There are more and more voice-controlled devices, such as Apple HomePod, Google Home and Amazon Echo. This is because voice interfaces improve user experience, in fact, comScore (a marketing research company) believes that voice will execute 50% of all searches by 2020.
The five largest technology companies, Microsoft, Google, Amazon, Apple and Facebook, have developed (or are currently developing) voice-enabled AI assistants.
Whether we are talking about VUI (Voice User Interfaces) for web applications or smart home speakers, voice interactions are increasingly common in today's technology, especially since many people experience fatigue from being many hours in front of a screen.
So, let's see how to design voice user interfaces and what anatomy voice commands should have.
If you read online reviews of home speakers, you will notice that some people form a close link with their speaker in a way that looks more like a pet than a product.
You certainly cannot meet all customer expectations with programs that are still in full progress, but you can follow some guidelines as a starting point.
A graphical user interface shows users everything they can do. A voice interface has no way of showing the user what options are possible, and new users base their expectations on their experience with human conversations.
Therefore, they can start by asking for something that makes no sense to the system or that is not possible. The solution to this is to offer the user interaction options.
For example, the voice interface can say something like "I can help you buy" or "I can give you information about products".
In any case, users should also be provided with an easy way out of a feature, including 'exit' as one of their options.
In the graphical interfaces users can see in which section they are, while in the voice user interfaces, users must know what functionality they are using.
Users can quickly get confused about where they are in the conversation or can activate functionality by mistake, therefore, without more guidance than the auditory, they need more details.
The interface must answer a question about a product with an entire phrase such as "The car of brand X and model X is priced at $ 20,000, and is guaranteed for 2 years."
This allows users to know what functionality they are using, and what the speaker is talking about.
When people speak, they often do not express their full intentions, many times because they use slang, muffins, shorten words, etc.
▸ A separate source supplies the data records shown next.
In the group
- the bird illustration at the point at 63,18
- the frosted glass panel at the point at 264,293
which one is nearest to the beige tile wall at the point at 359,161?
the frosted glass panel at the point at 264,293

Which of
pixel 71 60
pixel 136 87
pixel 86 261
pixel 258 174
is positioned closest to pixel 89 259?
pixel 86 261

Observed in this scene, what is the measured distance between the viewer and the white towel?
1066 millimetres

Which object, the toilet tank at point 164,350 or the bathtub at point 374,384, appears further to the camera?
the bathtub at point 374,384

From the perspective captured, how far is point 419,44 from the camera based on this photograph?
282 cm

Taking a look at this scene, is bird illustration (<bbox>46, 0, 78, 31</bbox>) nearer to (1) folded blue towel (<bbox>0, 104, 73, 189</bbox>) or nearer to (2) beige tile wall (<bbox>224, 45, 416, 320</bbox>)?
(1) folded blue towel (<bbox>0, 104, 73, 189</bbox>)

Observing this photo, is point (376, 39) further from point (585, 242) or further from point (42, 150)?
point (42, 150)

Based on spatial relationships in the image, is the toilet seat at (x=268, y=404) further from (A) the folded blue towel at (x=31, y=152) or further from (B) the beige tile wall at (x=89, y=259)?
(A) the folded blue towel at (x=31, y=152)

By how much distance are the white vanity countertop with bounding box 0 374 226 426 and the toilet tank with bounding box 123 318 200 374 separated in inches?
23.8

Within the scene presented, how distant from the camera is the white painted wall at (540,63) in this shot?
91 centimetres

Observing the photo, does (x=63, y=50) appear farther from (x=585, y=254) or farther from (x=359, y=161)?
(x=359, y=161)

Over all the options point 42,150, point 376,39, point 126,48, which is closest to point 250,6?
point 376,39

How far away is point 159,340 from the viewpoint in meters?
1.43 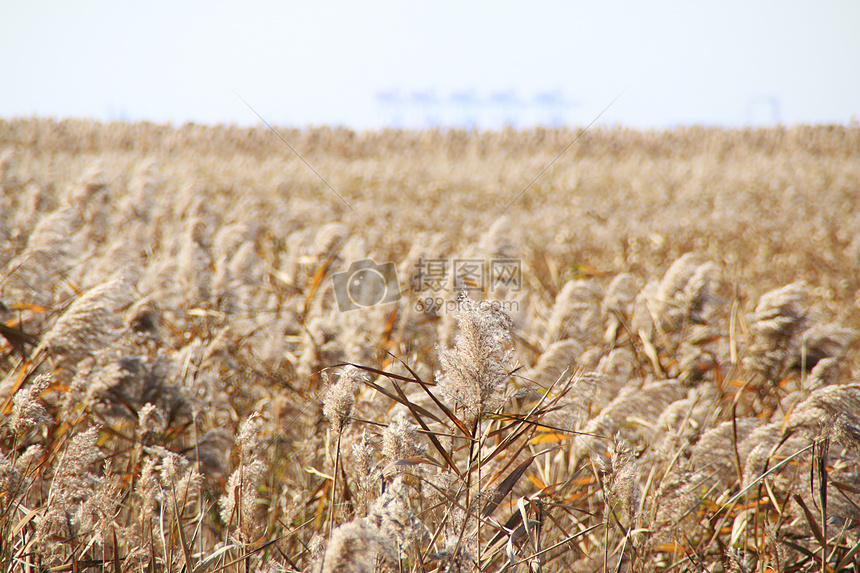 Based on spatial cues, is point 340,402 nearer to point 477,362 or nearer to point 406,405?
point 406,405

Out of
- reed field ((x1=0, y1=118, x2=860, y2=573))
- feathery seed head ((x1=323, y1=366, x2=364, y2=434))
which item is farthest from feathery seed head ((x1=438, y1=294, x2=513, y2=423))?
feathery seed head ((x1=323, y1=366, x2=364, y2=434))

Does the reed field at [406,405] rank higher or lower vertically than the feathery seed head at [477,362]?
lower

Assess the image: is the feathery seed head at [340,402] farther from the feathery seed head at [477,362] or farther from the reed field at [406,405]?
the feathery seed head at [477,362]

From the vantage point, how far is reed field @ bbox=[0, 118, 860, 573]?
105cm

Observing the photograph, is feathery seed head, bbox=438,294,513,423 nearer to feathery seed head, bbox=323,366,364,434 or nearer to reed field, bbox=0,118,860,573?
reed field, bbox=0,118,860,573

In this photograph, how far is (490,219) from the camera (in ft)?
24.2

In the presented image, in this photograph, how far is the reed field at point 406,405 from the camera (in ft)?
3.46

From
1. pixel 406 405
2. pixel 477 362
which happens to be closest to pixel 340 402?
pixel 406 405

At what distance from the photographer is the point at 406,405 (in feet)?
3.55

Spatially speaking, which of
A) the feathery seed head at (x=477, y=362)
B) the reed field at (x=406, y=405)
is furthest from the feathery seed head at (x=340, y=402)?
the feathery seed head at (x=477, y=362)

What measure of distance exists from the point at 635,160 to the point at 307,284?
40.7 ft

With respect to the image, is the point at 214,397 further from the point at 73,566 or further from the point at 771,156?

Among humans we understand each other, but voice interfaces need the human to express himself correctly to understand his intentions.
In addition, the more information about their intentions includes a user in a sentence, the better.
A user can ask: "Give me information about the available cars, the price of the X model please" and get the information they want immediately, instead of saying first: "I want information about the available cars" and then asking for the model.
Users may not realize this way of operating, so you should use as many examples of interactions as possible.
When users browse visual content or lists, they can return to the information they overlooked or forgot.
That is not the case with verbal content. With verbal content, sentences should be kept short.
It is recommended that more than three different options be used for an interaction.
Use some form of simple feedback so that the user knows that the system is listening.
You should use some visual information so that users know that the voice user interface is listening, the user can immediately see that what he is saying is being recorded (similar to when we talk to other people and by nonverbal communication you can see they are listening).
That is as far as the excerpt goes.